• Required work: Copy exactly, beginning with the line holding "Lucy Lippiner resting" and ending with the final line of the data beneath this task; copy nothing else, and leave out every picture.

----- Data excerpt

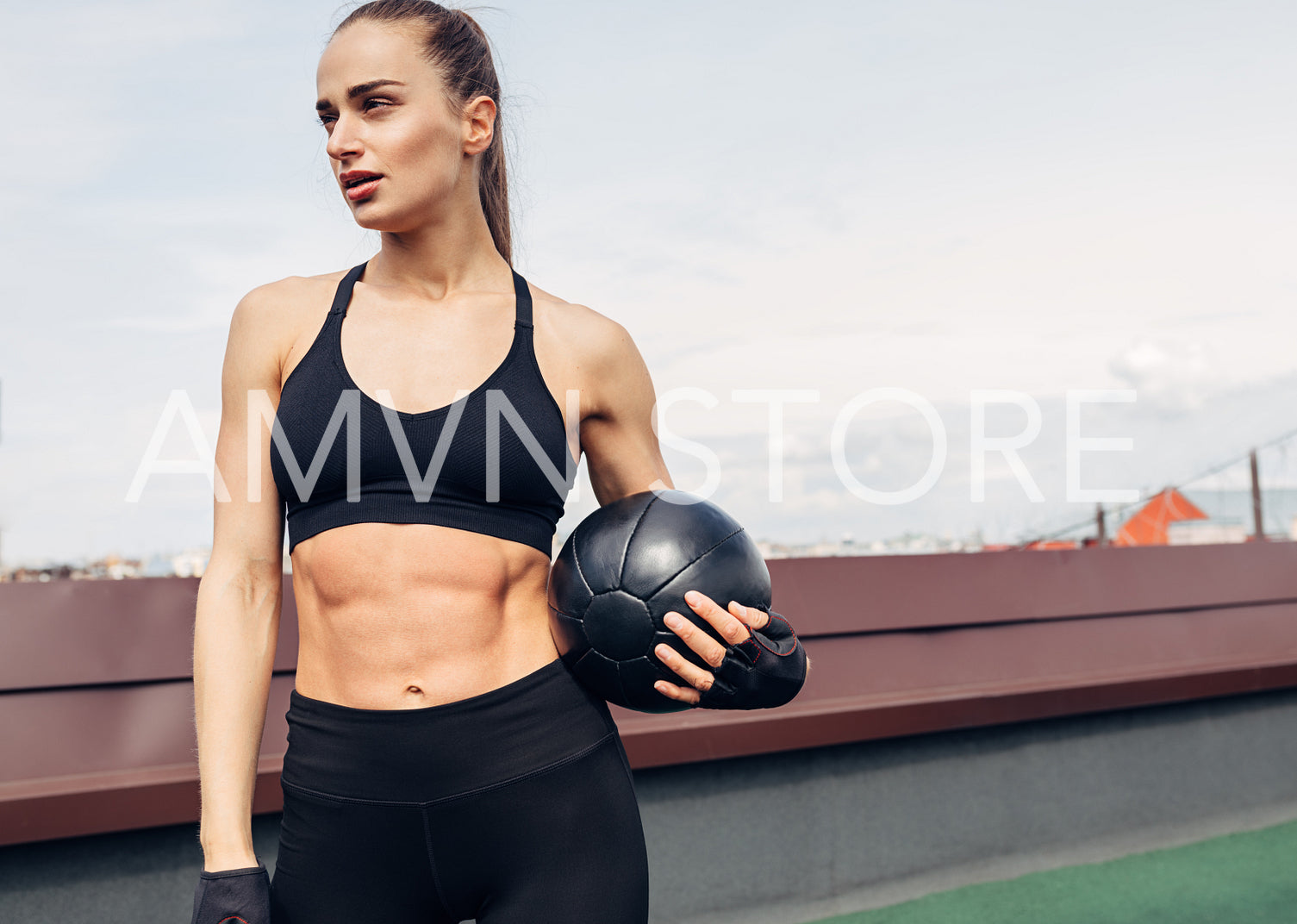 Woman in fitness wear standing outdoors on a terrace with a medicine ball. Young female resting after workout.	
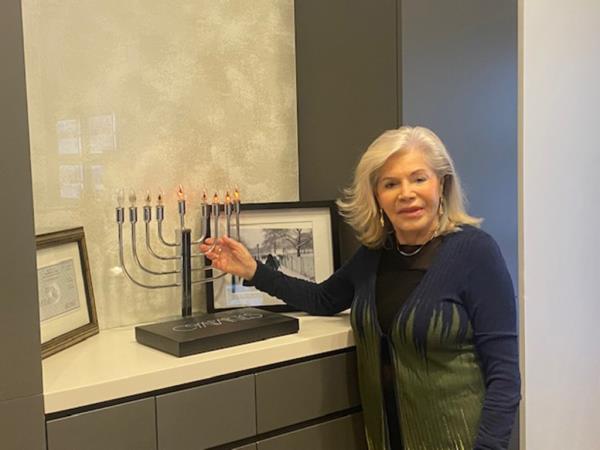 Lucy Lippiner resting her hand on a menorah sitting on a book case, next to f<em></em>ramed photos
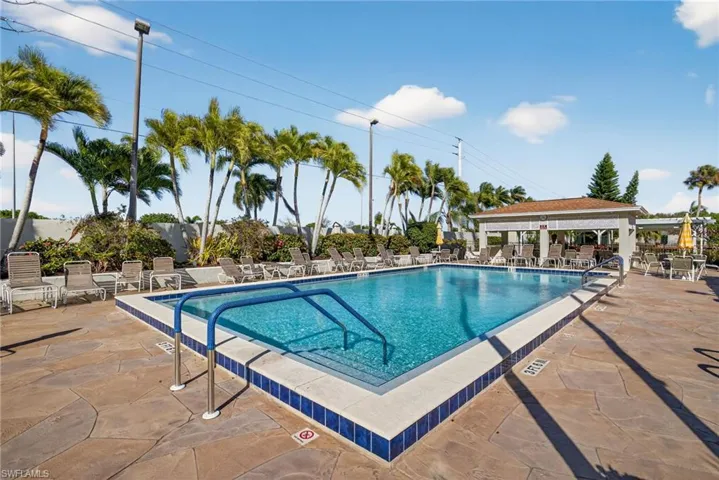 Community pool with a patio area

----------

• Solution:
 Lucy Lippiner resting her hand on a menorah sitting on a book case, next to f<em></em>ramed photos
 Community pool with a patio area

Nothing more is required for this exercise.